You seem to be blaming your wife for your mistakes. 

Are you?

If so, why?


----------



## Marduk (Jul 16, 2010)

Start by realizing that there's no such thing as Santa Claus, the Easter Bunny, or a soul mate.

And even if there was such a thing, you wouldn't have had a repeated EA with another woman.

You were given more than most -- a second chance. You blew it. If you care about your wife, you'd let her go if that's what she wanted.


----------



## ConanHub (Aug 9, 2013)

Grow up and be a better man in every area of your life wether she notices or not.

Start hitting home runs in your life and don't be looking over your shoulder to see if she noticed or gives you any acknowledgement.

Engage in life. Become confident.

If your wife wants romance, dates, be awesome and fun.

If she wants sex, take her like Clint took sister Sarah when he found out she wasn't a nun.

Give her honor, not ass kissing, in every aspect of your life.

A year or two of this and she might just fall head over heels for you.

When you look at her, be like a wolf looking at a steak.

Confidence, confidence, confidence and perfect fidelity.

Or.....

You could strap yourself into some bdsm gear and let her punish you for being a bad boy!
_Posted via Mobile Device_


----------



## brooklynAnn (Jun 29, 2015)

She gave you a chance, what did you do with this? You took it for granted and repeated your foolishness. 

She should not be expected to give you a another chance. Because what if you did the same thing yet again. She is just protecting herself from your stupidity. You did not learn your lesson before. 

Be happy she did not kick you out. Learn how to be a better person. Maybe, in time when she sees how you have changed, she might give you another chance. Might....


----------



## deadendahead (Mar 9, 2016)

I hear what you all are saying. She did give me a second chance, we began seeing counseling (which I had been wanting for years), and then she accused me of cherry picking the hottest counselor in town (I did not). We didn't last long in counseling... and she seemed to forgive me or at least act like it. Soon... things ended up back where they have been for years. 

I did make a mistake reaching out to my friend again - but that's exactly what she was, a friend I could talk to. I know this was a mistake... and I have since ended all communication with her. 

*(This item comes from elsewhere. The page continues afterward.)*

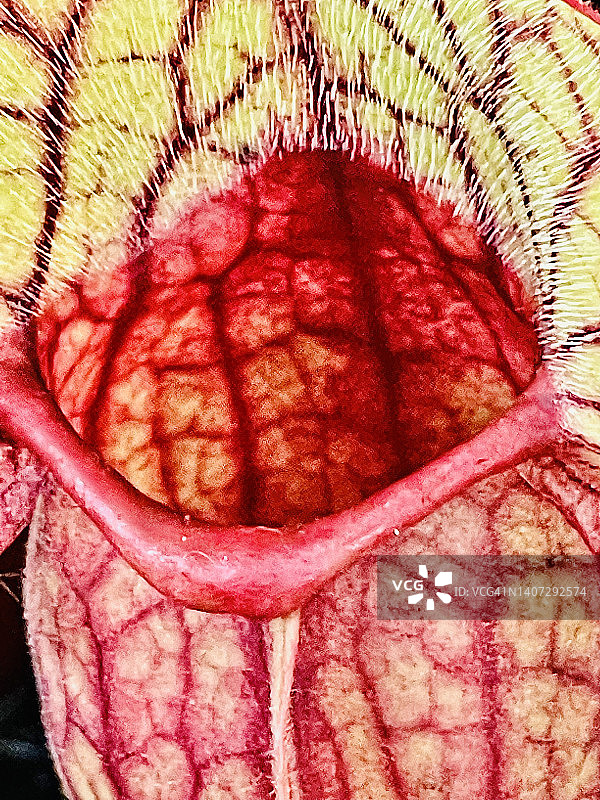 近距离拍摄的紫瓶子草（Sarracenia purpurea）图片素材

I am focusing on improving myself. I'm placing family ahead of everything... I even began setting boundaries at work (meaning not working 15 hour days, 6 days a week). Well, as a result, I was recently laid off. 
I'm actually okay with this - this is allowing me to get my life back in order.


----------



## *Deidre* (Feb 7, 2016)

Do you both have faith in your life?


----------



## Chaparral (Jul 17, 2011)

Get the mmslp book linked to below. Respect has to be earned. I would say you lost that a long time ago. 

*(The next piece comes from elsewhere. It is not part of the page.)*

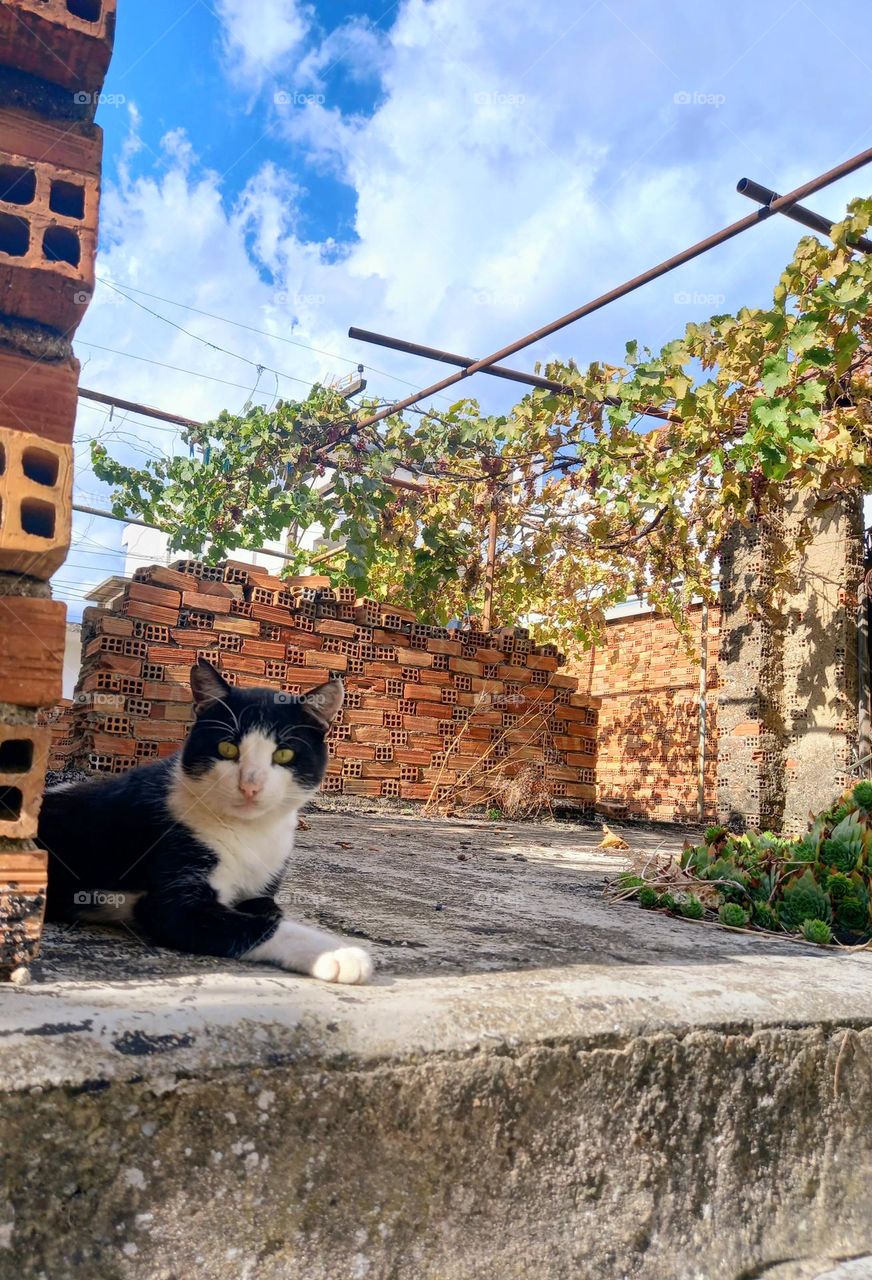 Black and white male cat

The book can also be downloaded at amazon.com.

Sounds like you know the difference between right and wrong, it takes guts to do the right thing.

Also, get the book NOT JUST FRIENDS. What you were doing with your "friend" is an emotional affair. Your wife has been cheated on.


----------



## Thound (Jan 20, 2013)

You should have addressed not feeling love after year 2, but I'm one to talk. I never addressed our issues either. Wished I would have though.


----------



## Bananapeel (May 4, 2015)

deadendahead said:


> Now my wife is refusing to work on our relationship. She feels she already gave me a chance - and I did wrong again. She now only wants to stay in the marriage for the sake of our three kids. Beyond that, she wants nothing to do with me.


You screwed up and you know it. But I wouldn't recommend staying in an unhappy marriage with her as a viable choice. Talk with her and if she is adamant that she doesn't want to try to fix things then accept that as her choice and end the marriage.


----------



## deadendahead (Mar 9, 2016)

*Deidre* said:


> Do you both have faith in your life?


We are now. One of my ways to improve myself is to bring faith into our lives. We are now attending service weekly and I'm looking at joining a men's group.


----------



## deadendahead (Mar 9, 2016)

Thound said:


> You should have addressed not feeling love after year 2, but I'm one to talk. I never addressed our issues either. Wished I would have though.


I actually did - in fact continued to for years. Nothing ever worked. I even suggested counseling early on.


----------



## deadendahead (Mar 9, 2016)

Chaparral said:


> Get the mmslp book linked to below. Respect has to be earned. I would say you lost that a long time ago.
> 
> The book can also be downloaded at amazon.com.
> 
> ...


Thank you.


----------



## bandit.45 (Feb 8, 2012)

deadendahead said:


> I actually did - in fact continued to for years. Nothing ever worked. I even suggested counseling early on.


Then at that point you should have asked her for a divorce. Look, we get it: you married a cold fish. Still no excuse for having a flirtatious affair.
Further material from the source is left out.